▸ **What you will do**
For the material below, return exactly the lines starting at the line containing "Real Human Partial Skull - Dissected" and ending at the line containing "Ultraschallaufnahme 12. Woche", both ends included, and no others.

---------------

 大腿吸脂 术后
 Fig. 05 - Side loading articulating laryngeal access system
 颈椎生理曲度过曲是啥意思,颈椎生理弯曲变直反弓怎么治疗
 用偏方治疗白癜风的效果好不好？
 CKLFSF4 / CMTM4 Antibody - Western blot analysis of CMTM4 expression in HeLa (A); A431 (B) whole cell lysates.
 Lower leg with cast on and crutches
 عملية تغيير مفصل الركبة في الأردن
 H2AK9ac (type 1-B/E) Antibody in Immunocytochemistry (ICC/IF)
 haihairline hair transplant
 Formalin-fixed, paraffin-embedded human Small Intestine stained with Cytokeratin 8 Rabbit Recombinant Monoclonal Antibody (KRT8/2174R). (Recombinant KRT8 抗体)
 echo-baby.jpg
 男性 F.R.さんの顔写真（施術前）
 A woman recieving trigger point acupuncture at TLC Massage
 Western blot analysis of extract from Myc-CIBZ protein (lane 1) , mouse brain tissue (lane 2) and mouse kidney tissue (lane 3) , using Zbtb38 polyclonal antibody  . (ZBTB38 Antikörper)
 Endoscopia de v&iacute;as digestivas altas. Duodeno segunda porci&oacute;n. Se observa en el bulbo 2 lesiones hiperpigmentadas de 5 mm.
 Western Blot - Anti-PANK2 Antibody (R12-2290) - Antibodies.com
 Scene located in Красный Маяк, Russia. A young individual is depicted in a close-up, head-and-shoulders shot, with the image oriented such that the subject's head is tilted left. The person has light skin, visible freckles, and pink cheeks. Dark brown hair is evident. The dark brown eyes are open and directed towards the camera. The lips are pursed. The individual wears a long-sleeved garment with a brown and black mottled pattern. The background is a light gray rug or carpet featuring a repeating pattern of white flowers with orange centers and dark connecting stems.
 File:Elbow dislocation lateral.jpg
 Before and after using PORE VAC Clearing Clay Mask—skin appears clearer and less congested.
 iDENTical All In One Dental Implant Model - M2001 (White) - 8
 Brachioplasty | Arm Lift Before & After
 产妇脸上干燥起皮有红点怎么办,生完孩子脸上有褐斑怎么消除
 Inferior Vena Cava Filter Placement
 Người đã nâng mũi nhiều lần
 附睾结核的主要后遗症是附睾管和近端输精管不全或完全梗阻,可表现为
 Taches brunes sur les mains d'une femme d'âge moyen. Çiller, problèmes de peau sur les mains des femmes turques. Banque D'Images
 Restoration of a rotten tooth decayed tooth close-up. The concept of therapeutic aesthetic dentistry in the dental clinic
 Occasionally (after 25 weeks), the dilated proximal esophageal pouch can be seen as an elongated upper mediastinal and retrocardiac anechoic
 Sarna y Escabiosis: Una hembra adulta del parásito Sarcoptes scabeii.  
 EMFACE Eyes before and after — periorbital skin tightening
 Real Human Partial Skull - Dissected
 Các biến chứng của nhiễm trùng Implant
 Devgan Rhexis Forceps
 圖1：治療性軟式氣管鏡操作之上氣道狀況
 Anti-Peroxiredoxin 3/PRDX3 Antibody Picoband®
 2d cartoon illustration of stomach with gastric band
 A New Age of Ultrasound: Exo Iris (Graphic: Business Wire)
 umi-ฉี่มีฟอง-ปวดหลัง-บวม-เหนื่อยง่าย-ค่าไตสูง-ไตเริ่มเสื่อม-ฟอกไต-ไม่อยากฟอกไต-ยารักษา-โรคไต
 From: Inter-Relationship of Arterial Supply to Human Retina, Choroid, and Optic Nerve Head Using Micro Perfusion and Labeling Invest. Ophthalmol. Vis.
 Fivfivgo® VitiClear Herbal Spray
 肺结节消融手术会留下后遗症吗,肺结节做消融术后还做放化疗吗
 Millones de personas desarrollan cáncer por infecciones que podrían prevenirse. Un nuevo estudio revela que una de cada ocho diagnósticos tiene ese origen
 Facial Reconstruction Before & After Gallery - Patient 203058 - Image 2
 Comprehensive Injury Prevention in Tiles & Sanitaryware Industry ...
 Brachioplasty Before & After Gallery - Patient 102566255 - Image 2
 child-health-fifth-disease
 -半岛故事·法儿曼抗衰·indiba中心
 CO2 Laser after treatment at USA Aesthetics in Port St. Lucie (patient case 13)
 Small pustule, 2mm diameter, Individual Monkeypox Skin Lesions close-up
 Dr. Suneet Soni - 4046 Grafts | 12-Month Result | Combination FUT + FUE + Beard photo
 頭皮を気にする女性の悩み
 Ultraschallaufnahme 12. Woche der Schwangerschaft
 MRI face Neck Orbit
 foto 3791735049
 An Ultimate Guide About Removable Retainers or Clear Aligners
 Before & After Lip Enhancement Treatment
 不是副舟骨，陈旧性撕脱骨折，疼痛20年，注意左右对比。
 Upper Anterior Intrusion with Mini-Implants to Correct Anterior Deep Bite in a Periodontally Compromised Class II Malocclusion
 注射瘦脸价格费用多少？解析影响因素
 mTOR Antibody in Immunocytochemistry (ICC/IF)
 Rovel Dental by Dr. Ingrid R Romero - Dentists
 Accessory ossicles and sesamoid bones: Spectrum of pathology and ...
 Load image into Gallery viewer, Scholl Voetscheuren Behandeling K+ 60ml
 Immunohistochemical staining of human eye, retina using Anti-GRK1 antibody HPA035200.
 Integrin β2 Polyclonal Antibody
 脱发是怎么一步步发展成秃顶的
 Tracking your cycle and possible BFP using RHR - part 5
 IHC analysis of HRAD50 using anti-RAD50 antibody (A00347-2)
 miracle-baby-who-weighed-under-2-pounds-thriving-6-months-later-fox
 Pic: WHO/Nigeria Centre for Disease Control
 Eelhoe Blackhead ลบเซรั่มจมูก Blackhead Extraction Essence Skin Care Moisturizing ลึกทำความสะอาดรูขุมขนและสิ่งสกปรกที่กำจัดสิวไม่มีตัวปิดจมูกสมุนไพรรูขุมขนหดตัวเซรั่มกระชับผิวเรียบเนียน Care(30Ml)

---------------

▸ **Response to this exercise**
 Real Human Partial Skull - Dissected
 Các biến chứng của nhiễm trùng Implant
 Devgan Rhexis Forceps
 圖1：治療性軟式氣管鏡操作之上氣道狀況
 Anti-Peroxiredoxin 3/PRDX3 Antibody Picoband®
 2d cartoon illustration of stomach with gastric band
 A New Age of Ultrasound: Exo Iris (Graphic: Business Wire)
 umi-ฉี่มีฟอง-ปวดหลัง-บวม-เหนื่อยง่าย-ค่าไตสูง-ไตเริ่มเสื่อม-ฟอกไต-ไม่อยากฟอกไต-ยารักษา-โรคไต
 From: Inter-Relationship of Arterial Supply to Human Retina, Choroid, and Optic Nerve Head Using Micro Perfusion and Labeling Invest. Ophthalmol. Vis.
 Fivfivgo® VitiClear Herbal Spray
 肺结节消融手术会留下后遗症吗,肺结节做消融术后还做放化疗吗
 Millones de personas desarrollan cáncer por infecciones que podrían prevenirse. Un nuevo estudio revela que una de cada ocho diagnósticos tiene ese origen
 Facial Reconstruction Before & After Gallery - Patient 203058 - Image 2
 Comprehensive Injury Prevention in Tiles & Sanitaryware Industry ...
 Brachioplasty Before & After Gallery - Patient 102566255 - Image 2
 child-health-fifth-disease
 -半岛故事·法儿曼抗衰·indiba中心
 CO2 Laser after treatment at USA Aesthetics in Port St. Lucie (patient case 13)
 Small pustule, 2mm diameter, Individual Monkeypox Skin Lesions close-up
 Dr. Suneet Soni - 4046 Grafts | 12-Month Result | Combination FUT + FUE + Beard photo
 頭皮を気にする女性の悩み
 Ultraschallaufnahme 12. Woche der Schwangerschaft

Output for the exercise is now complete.